Requirements are about what is known, from the history of the business case, and by the people involved, by the time they are captured. You have a set of requirements, and you meet them by building an application. Then you have another set, and you build another application. Then it turned out they need to be integrated. So you capture the integration requirements and build an interface. Which is, by the way, yet another application. Then they become many, so you do data warehouse, data lake, virtualization layer or some fancier data integration architecture which in the end is just another silo.
All this is what data-centrism tries to deal with and avoid in the future. Corporate data architecture should not be shaped by known requirements⁹. It should be designed for unknown requirements. In the end, if some requirements for a data-centric architecture are needed, these are only non-functional requirements, the -ilities, like interoperability and scalability. But most of them are not project-specific and are already in the principles, like F.A.I.R, EKGF principles, and, of course, the data-centric principles.
(First published on StrategicStructures.com)
[1]: Check out all five principles data-centric principles.
[2]: After the publication of this article, the scope of the manifesto was adapted, and now it includes the other two scales.
[3]: This has many facets. Facebook can be looked at as a very successful aggregator or as a prime example of a new form of capitalism.
[4]: The centralization of the web is not only about the content but also about the infrastructure. The convenience of the cloud increased the dependency of both individual users and companies on the strategy and fate of a few powerful providers, namely Amazon, Microsoft, and Google.

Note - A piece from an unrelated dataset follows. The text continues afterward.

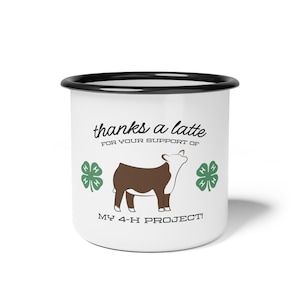 Thanks A Latte 4H Club Buyers Gift | Show Steer Buyer Gift | 4-H Clover | County Fair Buyers Gift | Livestock Thank You Gift | Gifts for Her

[5]: It’s way better to put people in the center but wait, wasn’t that what brought the climate change. It seems that just like centralization, any kind of centrism does not solve problems –it just changed the nature of the problems we deal with.
[6]: When microservices became fashionable that was only possible because the original SOA ideas were forgotten and they were exactly about micro-services, only the SOA-in-practice was not.
[7]: This quote is attributed to Einstein although he never said it, but do we always need a famous person, any authority for that matter, to make something we like and believe in, weigh more?
[8]: It’s friendlier in the way it sounds, in the way it’s managed and in the fact that focuses on the experience of the user and not on the functionality of the tool.
[9]: This doesn’t mean that functional requirements and user stories do not have utility. In a world where data and applications are decoupled, they will not do any harm.